Tumenggung Sepanjang yang menjadi bupati bawahan Mataram di Surabaya diberi tugas mengawal Pekik pergi ke Mataram. Selama Kadipaten Surabaya kosong, Tumenggung Alap-Alap ditunjuk menjadi pelaksana tugas (Plt) bupati Surabaya. Tugasnya menjaga pemerintahan tetap berjalan dengan baik.
Rombongan Pekik sempat singgah di Butuh, Surakarta. Saat bermalam di makam Raja Pajang Sultan Hadiwijaya, Pekik mendapatkan wangsit. Salah satu cucunya akan berkuasa di Mataram. Gelarnya Hamangkurat atau Amangkurat. Sang cucu itu membangun keraton di hutan Wanakerta, barat Pajang. Cucu Pekik itu bergelar Hamangkurat II atau Amangkurat Amral.
Sampai di Kerta, Pekik diterima dengan senang hati oleh Sultan Agung. Dia diminta menetap di Mataram. Pekik menempati kediaman yang kemudian disebut Ndalem Kasurabayan.
Tak lama kemudian, Sultan Agung menganugerahkan adik kandungnya, Ratu Pandansari, menjadi istri Pekik. Di mata Sultan Agung, Pekik punya garis keturunan yang tinggi. Dia masih keturunan ketujuh Raden Rahmat. Atau Sunan Ampel.
Perkawinan politik antara Mataram dengan Surabaya mengingatkan kisah kakek Sultan Agung, Panembahan Senopati, saat menaklukkan Kadipaten Madiun. Putri Madiun Retno Dumilah ditaklukkan dengan cara dinikahi.
Hubungan Sultan Agung dengan Pekik tak sebatas kakak ipar. Keduanya kemudian besanan. Putra Mahkota Mataram Raden Mas (RM) Sayidin menikah dengan putri Pekik dari istri terdahulu. Sebelum menikahi Ratu Pandansari.
Sayidin kemudian menggantikan ayahnya.
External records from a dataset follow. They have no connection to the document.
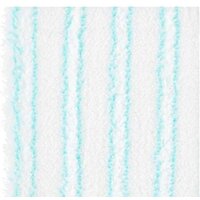 Leifheit Picobello Plus M 57029 Image #2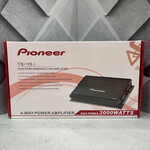 усилитель PIONEER TS-45.1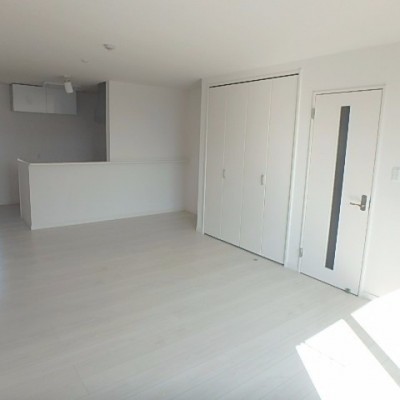 ※同施工類似物件です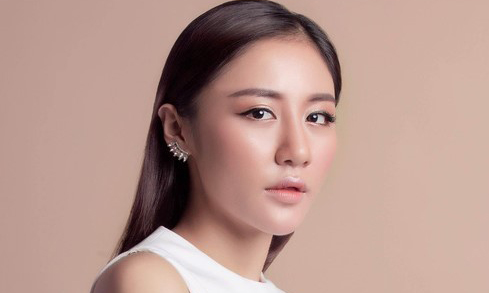 CEO Quế Anh, Ruby Queen Việt Nam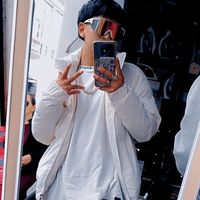 bebecito__ff_.7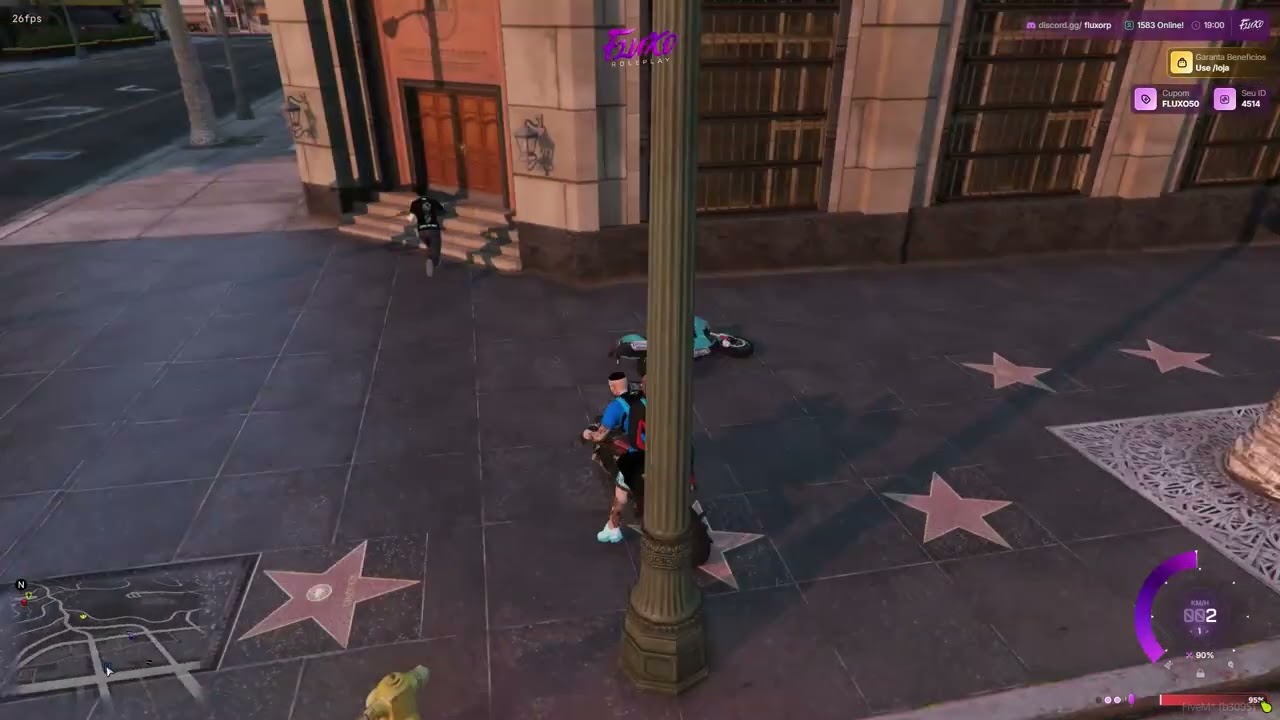 Filmes e TV 2026 02 21 15 47 34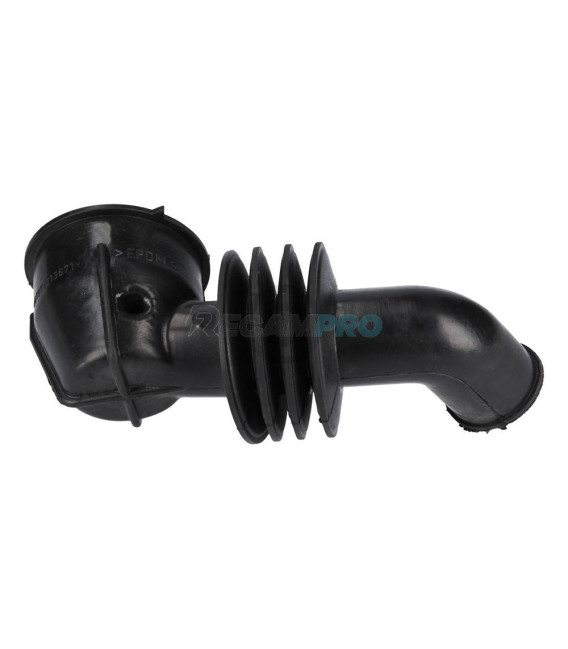 MANGUITO CUBA-BOMBA BAUKNECHT, WHIRLPOOL C00312061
Bergelar Susuhunan Hamangkurat Agung atau Amangkurat I. Perkawinan Amangkurat I dengan putri Surabaya melahirkan Amangkurat II. Dengan begitu, Amangkurat II merupakan cucu Sultan Agung dan Pekik.
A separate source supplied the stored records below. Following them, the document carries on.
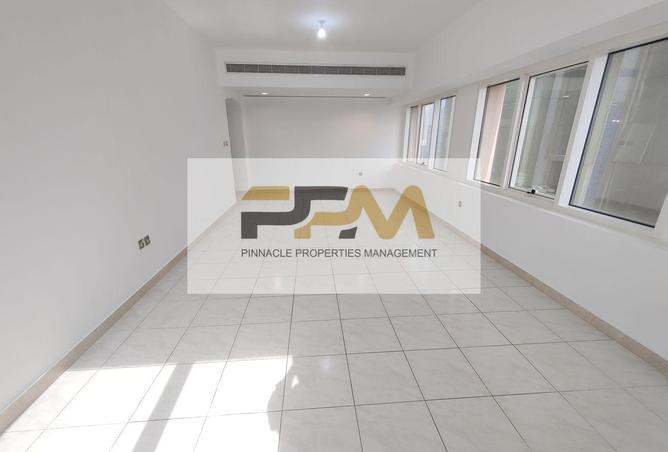 15624670 - Property Image 3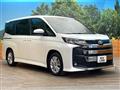 2024 Toyota Noah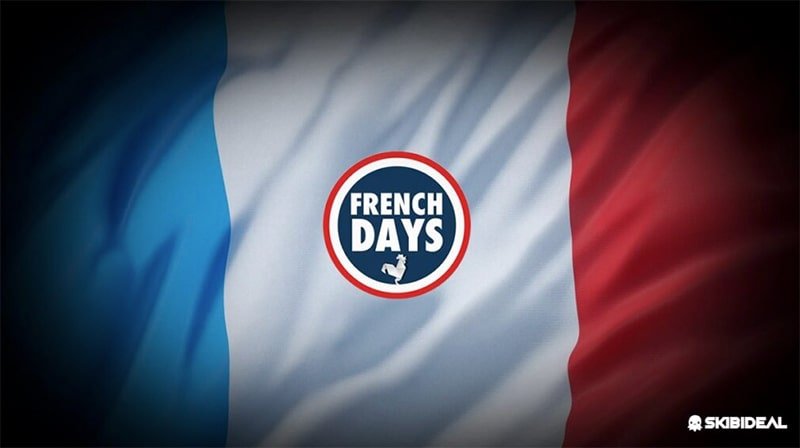 Finie la livraison gratuite après les French Days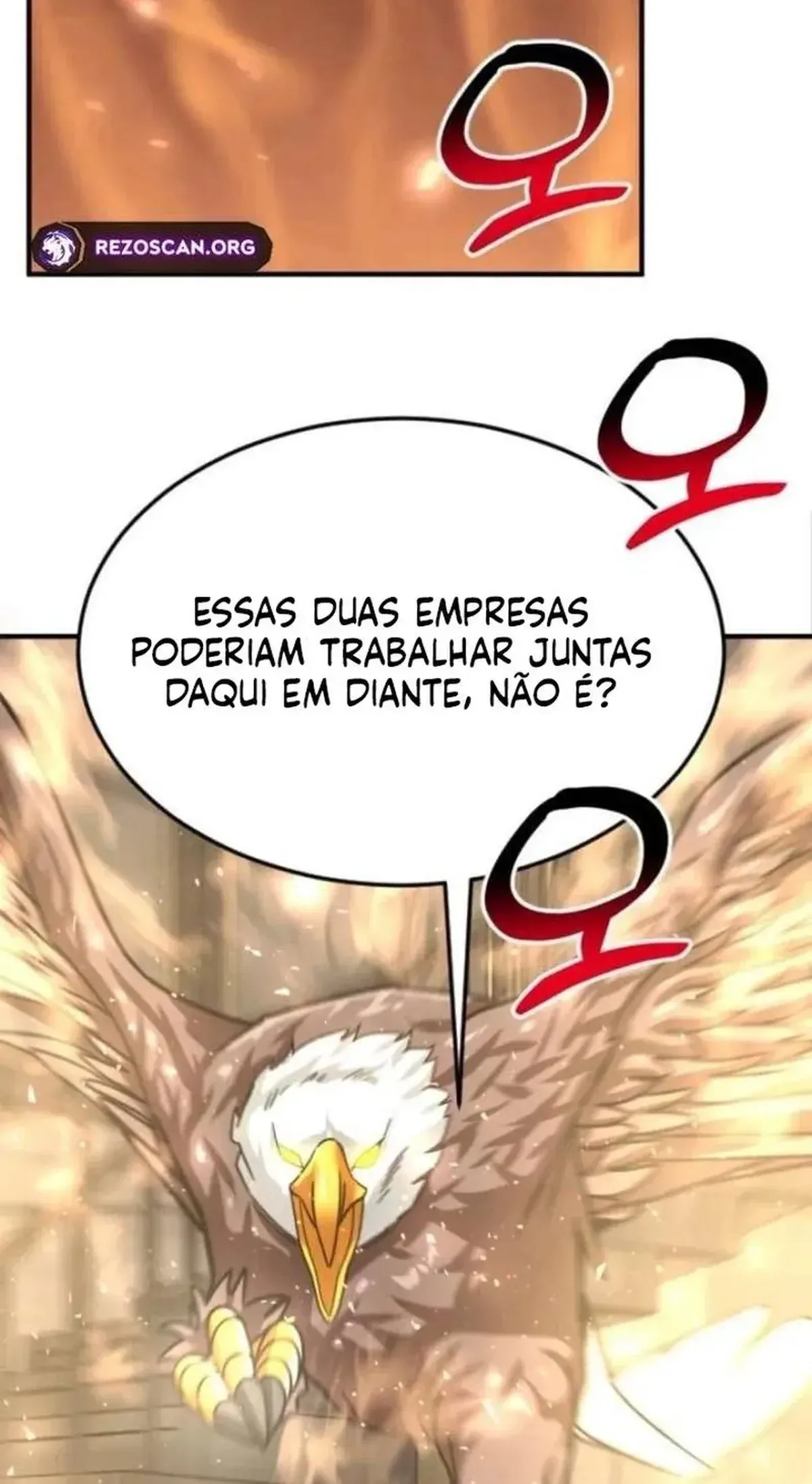 Página 115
Sesuai wangsit yang diterima di Butuh, cucu Pekik, Amangkurat II, memindahkan ibu kota Mataram dari Kerta ke Kartasura pada 1680. Kartasura menjadi ibu kota Mataram ketiga setelah Kotagede dan Plered. Dinasti Mataram bertakhta di Kartasura dari 1680-1743.(yog/rg/bersambung)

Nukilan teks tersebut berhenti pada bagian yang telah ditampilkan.